The recent murder of Nahel, a 17-year-old, by a police officer in Nanterre comes as a shock because its violence was captured on video, and the intention to kill cannot be questioned. But this murder is not an isolated incident, and the demonstrations that followed are a reaction proportionate to the policies of police repression, segregation and abandonment of the suburbs put in place by successive governments.
We can’t be fooled: such discrimination is part of a strategy to suppress the proletariat as a whole, and the non-white proletariat in particular. Even if at the moment, among video game workers, few of us come from working-class neighbourhoods, overseas territories or isolated regions, we are all affected. As workers, we have far more in common with the “suburban youth” than with the ruling class our bosses belong to.

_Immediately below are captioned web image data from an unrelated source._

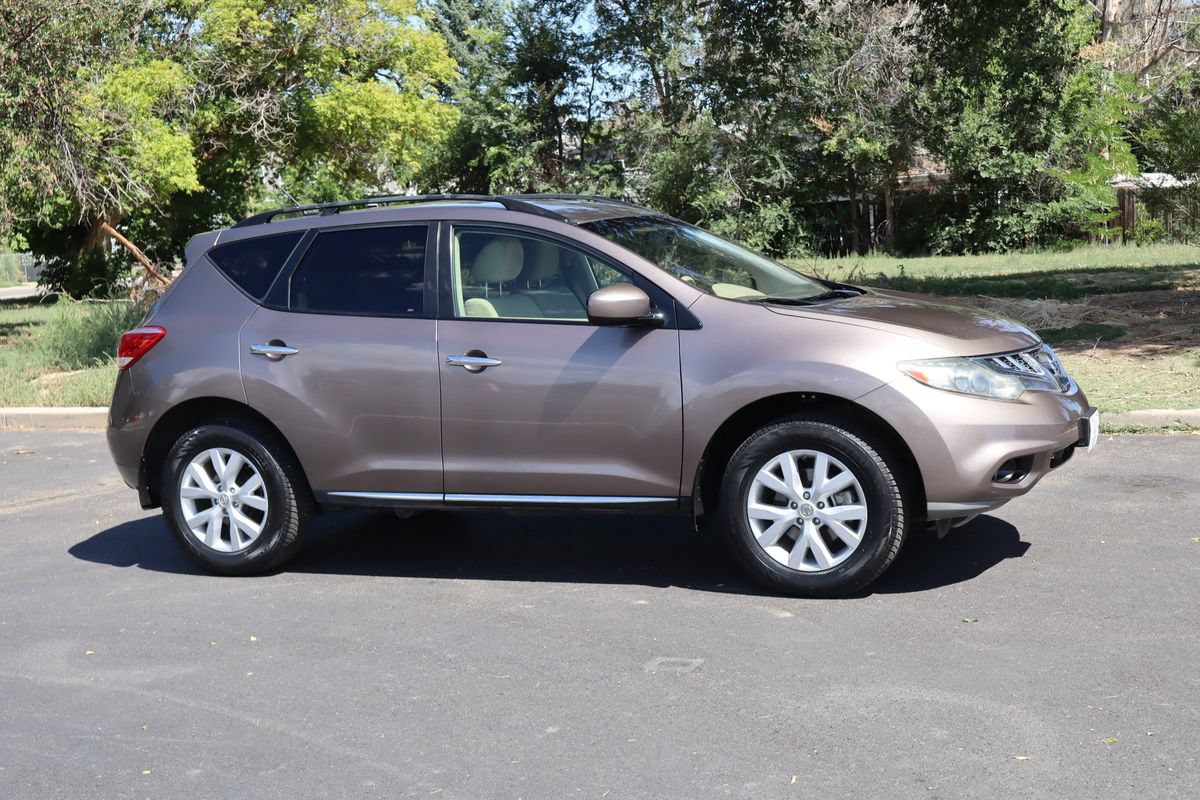 Used 2013 Nissan Murano SV AWD/4WD image 2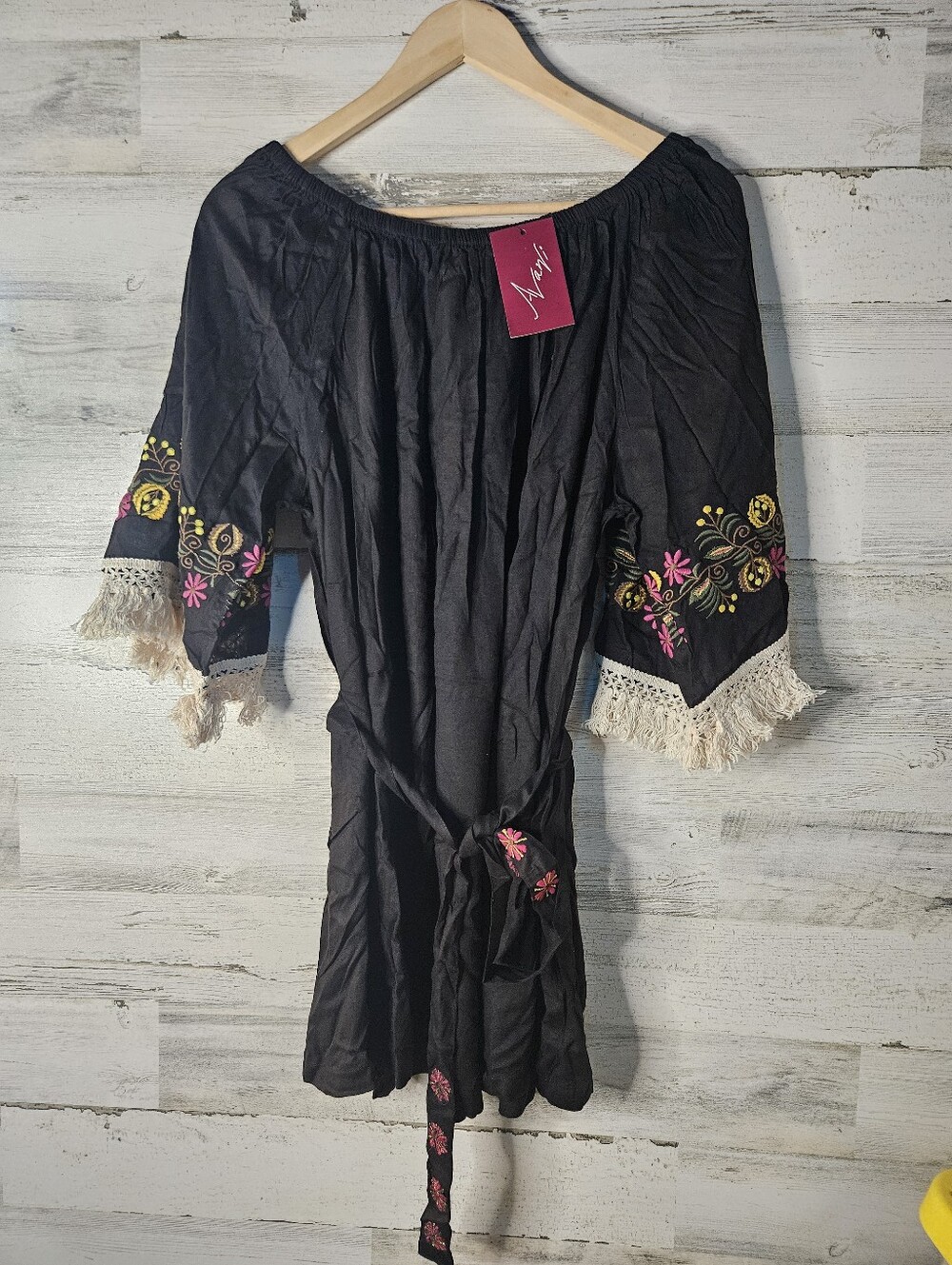 NEW Avani Black Sheet Embroidered Long Blouse Tied Waist Women's Medium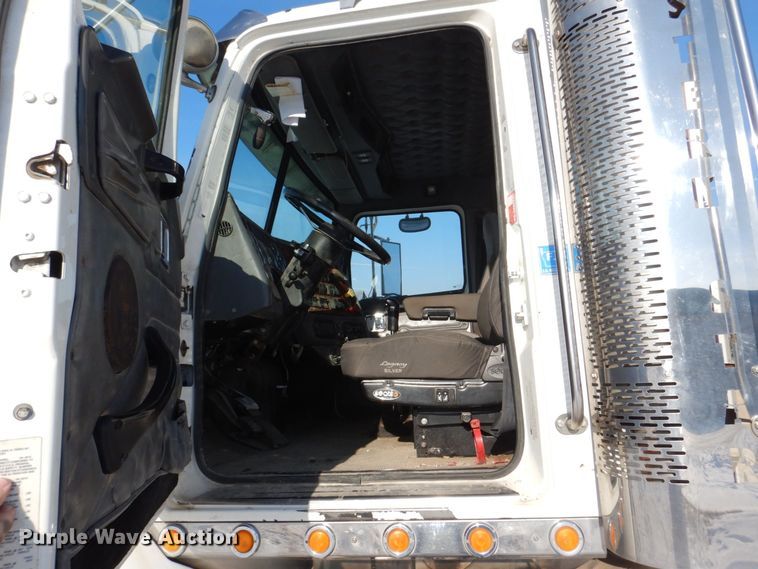 image for item MJ9982 2007 Western Star 4900  semi truck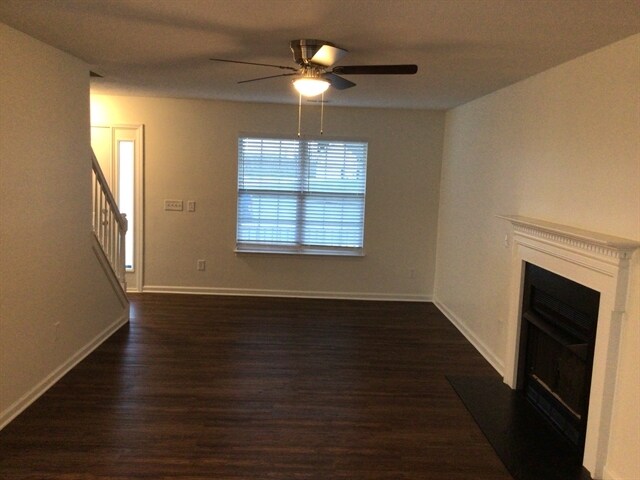 Building Photo - 557 Shannon Ridge Court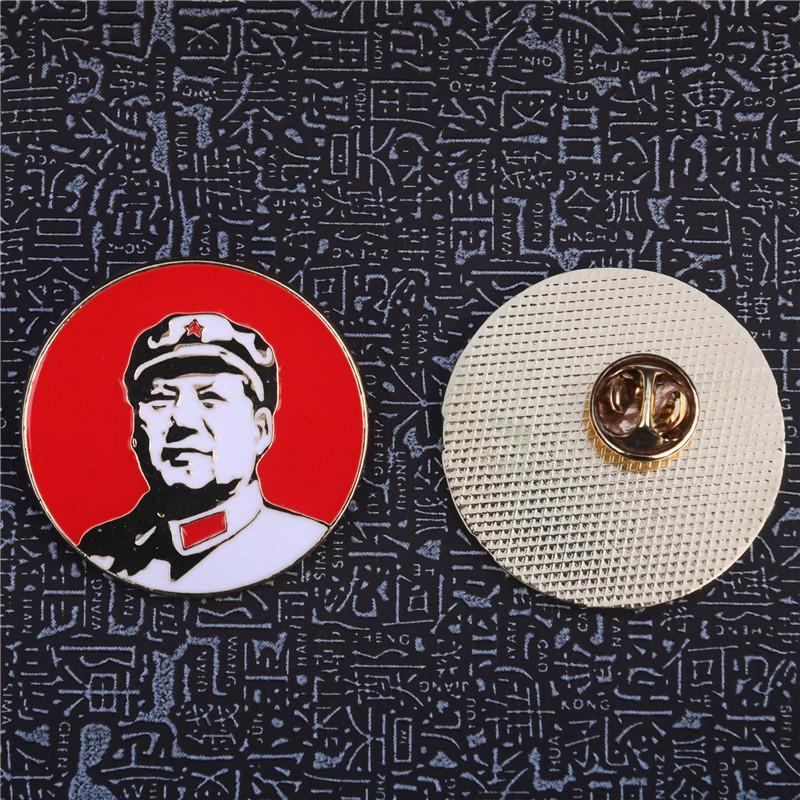 Chairman Mao's emblem, Grandpa Mao's commemorative medal, great man's portrait chest badge, 6 electroplated painted badges with long box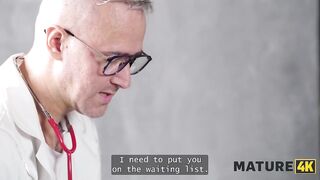 MATURE4K. Sex emergency and sexy nurse’s oral-job saved a sick dude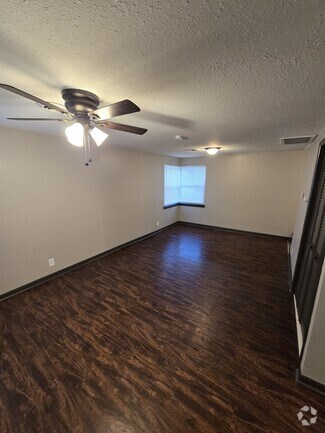Building Photo - 2009 S Joplin St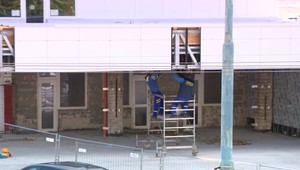 Televízia JOJ zisťovala, či premiér Pellegrini navštívil nemocnice z kauzy Plesne, ako sľúbil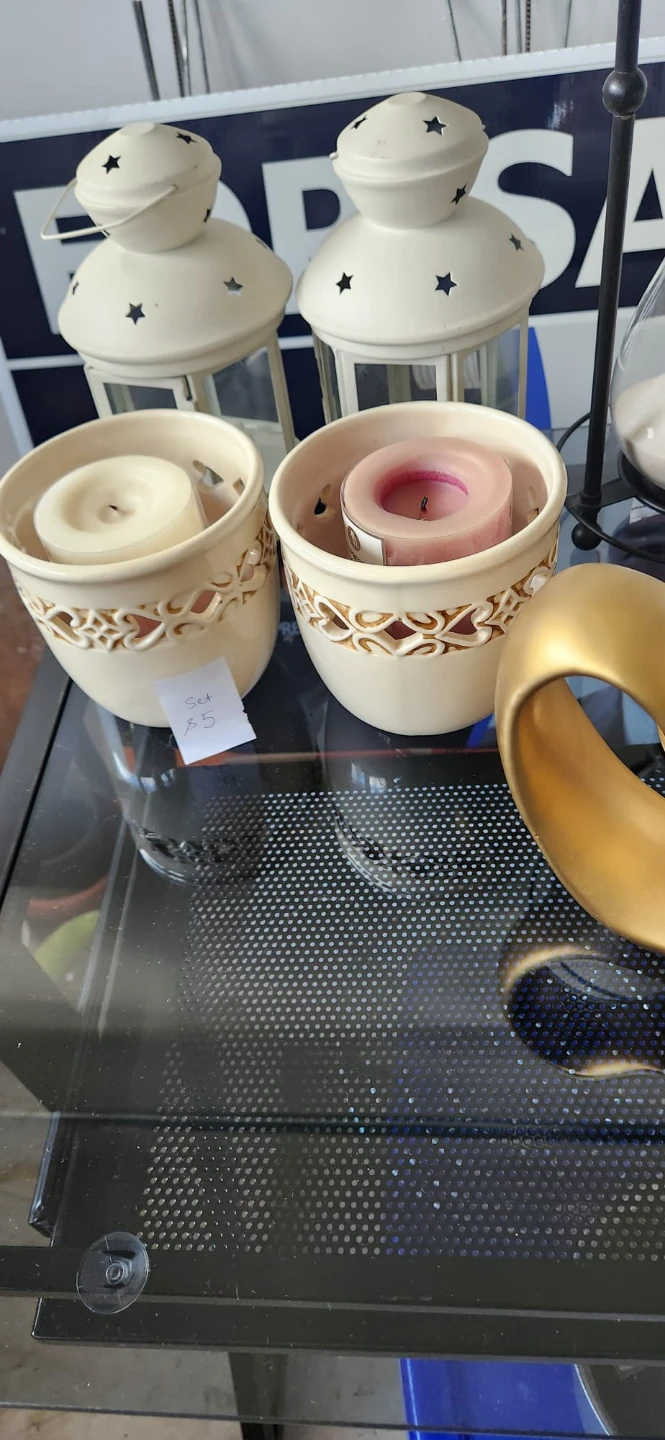 Set of two decorative ceramic candle holders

We must not allow ourselves to be distracted by a government that is trying to make people forget about the murder and racism by fabricating other excuses for the problems, including when it is talking about video games. If we choose to look the other way, to focus on images of anger rather than on its roots and meaning, we are contributing to the fragmentation of our social class and allowing the most marginalised among us to be oppressed. Without solidarity, the state will continue to reinforce discrimination, undermine our rights and impoverish entire populations.
The impunity must end. Justice has to be delivered, not just for Nahel but also for all those we have never heard of. The people arrested in recent days during the demonstrations and sentenced by the justice system must be granted amnesty.
The STJV calls on all workers to always support the families of victims murdered by the police, to be aware of and relay the demands of marginalised communities and to help local organisations to the best of their ability. As a union, we will continue to fight for the replacement of policing with social policies, and for public money to be channelled to those who need it, rather than to the police and corporations as is currently the case.